Güncelleme Tarihi:
ÜRETTİĞİ ilginç teknik tekstil ürünü çoraplarla, fabrikasında ‘rüzgar enerjisi kullanmasıyla’ ve ‘çorap makinelerinin yüzde 50 enerji tasarruflu çalışmasını sağlayan’ inovatif eklemelerle adı ‘çorap delisi’ne çıkan sanayici Ahmet Bekmezci’nin kardeşlerinden ayrıldıktan sonra Beylikdüzü’nde kurduğu fabrika; Almanya, İngiltere, Hollanda, Norveç ve ABD’ye ihracat yapıyor. 10 milyon dolara yakın cirosunun tamamını İhracattan sağlayan firma, ABD’nin ünlü perakende zinciri JCPenney’e de 1.5 milyon dolarlık ‘gey’ çorabı sattı. Atel Tekstil Sanayi ve Ticaret A.Ş. Yönetim Kurulu Başkanı Ahmet Bekmezci şöyle anlatıyor öyküsünü:
ÇORUMLU MEMİŞ’İN MACERASI
Çorum’un Sungurlu kazasından bir çiftçinin oğluyum. Babam Memiş Bekmezci askerlik için İstanbul’a gelmiş. Selimiye’de askerlik yapmış. Hastalanmış, verem olmuş. Komutanları ‘Köye gidersen ölürsün’ demişler ve İstanbul’da ilgilenip iyileştirmişler. Babam iyileştikten sonra İstanbul’da kalmış. İstanbul Çorap’ın (Pazien, Müjde) sahiplerine gidip iş istemiş. Onlar; ‘fabrikada sağı solu temizle’ demişler öyle iş vermişler. Sonra babam ‘Ben çorap satabilirim’ demiş. Babama çorap vermişler ve ‘vapurların iskeleye yanaşma zamanlarında sat’ demişler. Babam çorap satarak iyi para kazandığını görünce 1959’da köyden ailesini alıp İstanbul’a yerleşmiş.

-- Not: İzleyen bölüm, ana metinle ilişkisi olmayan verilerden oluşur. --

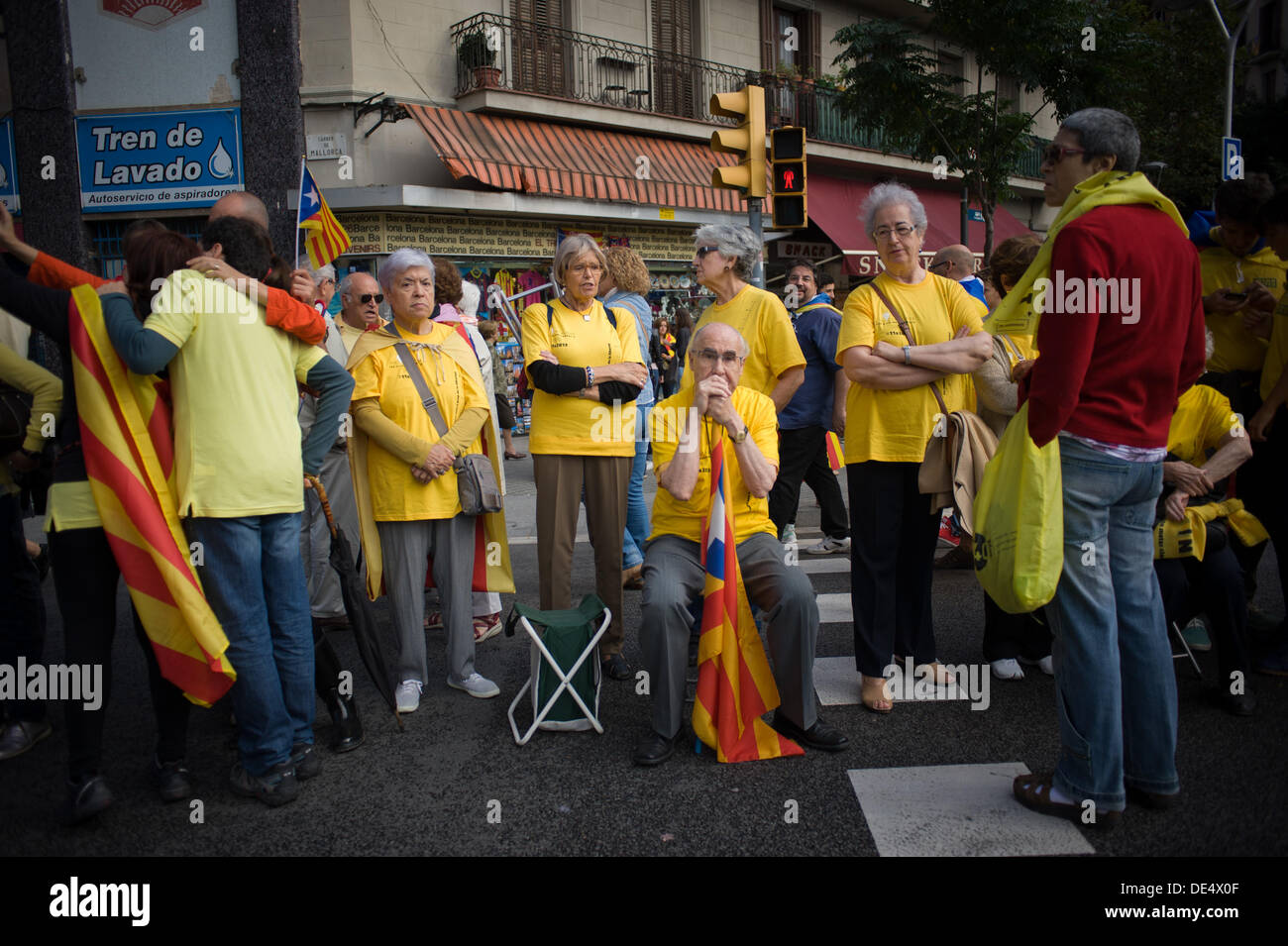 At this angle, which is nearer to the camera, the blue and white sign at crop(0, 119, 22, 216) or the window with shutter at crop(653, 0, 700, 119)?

İŞPORTADAN ‘GELAL’ MARKASI
Babam işportacılıkla geçinmeye başlamış ve sonra 2 makine alarak çorap üretimine başlamış. Markası işportacılıkta ‘gel al vatandaş’ lafından çıkarmış ve ‘gelal’ olmuş. Sonra; 9 kardeşini de yanına almış. 1974’te de kardeşleriyle yollarını ayırdı. Babamız 6 yıl önce vefat etti. Biz ikinci kuşak kardeşler de 2009 sonunda ayrıldık. Gelal kardeşlerimde kaldı. Ben kendi fabrikamı ve markamı Atel Tekstil olarak kurdum. 7 bin 500 metrekare kapalı alanda 250 kişilik istihdamımız var.
FUTBOLCU OLUYORDUM
· Babam kendisi okuyamadığı için çocuklarını okutmaya özen gösterdi. Almanya’da elektronik okudum. Orada futbol da oynuyordum. Köln’de beni burslu olarak futbol akademisine de almışlardı. Ama 1982’de babam beni çağırdı. Rahmetli Turgut Özal ihracat hamlesi başlatmıştı ve babam bu konuda benim başarılı olacağımı düşünüyordu. Bütün alman perakendecilerle temasa geçtim. Kısa süre sonra hepsine çorap üretmeye başladık. ABD’de şirket kurduk, Almanya’da Alman toptancıya ortak olduk. İsrail’in en büyük çorap üreticisiyle İngiltere için üretime geçtik.
Toprak gibi çorap yapıyoruz
AHMET Bekmezci, çorapta inovasyon konusunda çok youn çalıştıklarını belirtiyor ve bazı ilginç örnekleri şöyle sıralıyor:
Marks&Spence’e fresh-fit çoraplar yapıyoruz. Antibakteriyel bu çoraplar İngiltere’de çok satıyor.
Nike’a Dry-fit çoraplar yaptık. Ayağı kuru tutuyor. Ayak kuruysa üşümez ve sıcakta da terlemez.
Şimdi vücuttaki elektriği yok edecek ‘toprak gibi’ bir çorap ürettik, patentini bekliyoruz.
Sürtünmeyi çok aza indiren bir iplik de geliştirdik ve bu iplikten ürettiğimiz çorabı Nike’ın bir maraton koşucusuyla test ettik. Bu çorapla 30 kilometre koştu ayak kuru ve daha sağlıklı kaldı.
Çorapta gümüş uygulamasını da ilk biz geliştirdik. Hem hijyen açısından hem de bazı rahatsızlıklar için çok önemli bir adım oldu.
Bizim çorapçılar ciddiye almadı
ATEL Tekstil Sanayi ve Ticaret A.Ş. Yönetim Kurulu Başkanı Ahmet Bekmezci, ABD pazarının önemli perakendecilerinden JCPenney ile ticari ilişkisinin nasıl başladığını şöyle anlatıyor: “ABD’den iki gey gelmiş ve bizim çorapçıları dolaşmış. Bizimkiler sanırım pek ilglenmemişler. Ben dinledim. Geylerin hoşuna gidecek tarzda çoraplar istediler. Baktım istedikleri miktar az. Çözüm olarak ‘Size yaparım ama Avrupa’ya da satmama izin verin’ dedim. onlar da ‘olur’ dedi. Yeni bir ürün segmenti kazandım. Bu ürünlerden ihracatımız geçen yıl 1.5 milyon dolar oldu. Çok neşeli çoraplar ben de giyiyorum.”